At the current rate of unreasonable rules and regulations, it will soon become impossible for rentals to occur in properties governed by condominium association and homeowners associations. Some of these rules and regulations are legal, some are completely illegal, and others fall into a gray area. Many of these rules and regulations are specifically designed to allow the condo board or manager to illegally discriminate against the applicant so as to prevent "those kinds of people" from moving into the condominium. Changing rules and regulations and their inconsistent application are causing increased frustration among unit owners who wish to engage in renting the units and managers who are managing these units for the unit owners. Unit owners and property managers are increasingly at the mercy of the full time owners who have a bit too much time on their hands to think up ways to inhibit rentals. From this point on in the article, we will refer to condominium and homeowners associations as "Associations", just to make it easy.

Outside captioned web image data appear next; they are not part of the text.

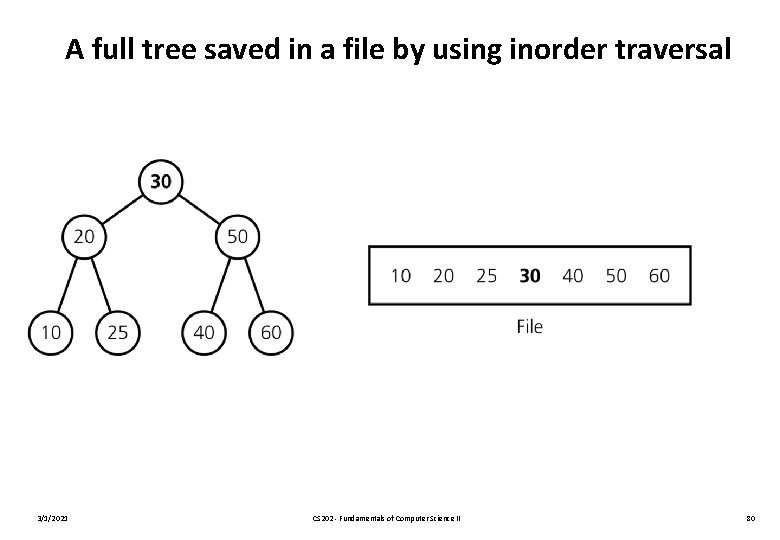 A full tree saved in a file by using inorder traversal 3/1/2021 CS 202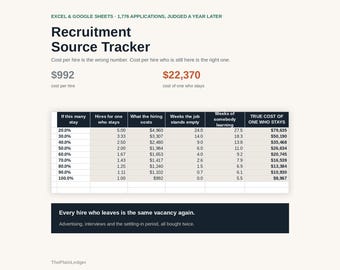 Recruitment Source Tracker Spreadsheet | Cost Per Hire & Retention by Source Excel Google Sheets Template | Hiring Funnel Log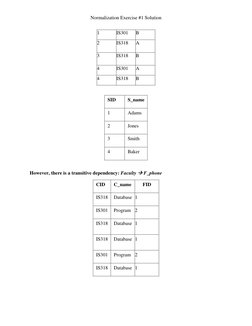 Database Normalization Exercises Solutions | PDF | Data Management ...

The Association Approval Requirement

Associations are allowed to require approval of applicants before they become tenants. Many Associations have not required this in the past, but suddenly decide to do this without giving you notice. The owner most likely has gotten notice, but you are operating on the assumption that no approval is required. Some Associations require approval, but do not enforce the requirement. Rest assured that they will if you place a tenant that they do not like. Never assume that approval is not required, and always check to see if changes were made. Often the approval process by the Association is stated to take up to 30 days. How many of your applicants can wait 30 days to be approved? These days, approval can be done in minutes.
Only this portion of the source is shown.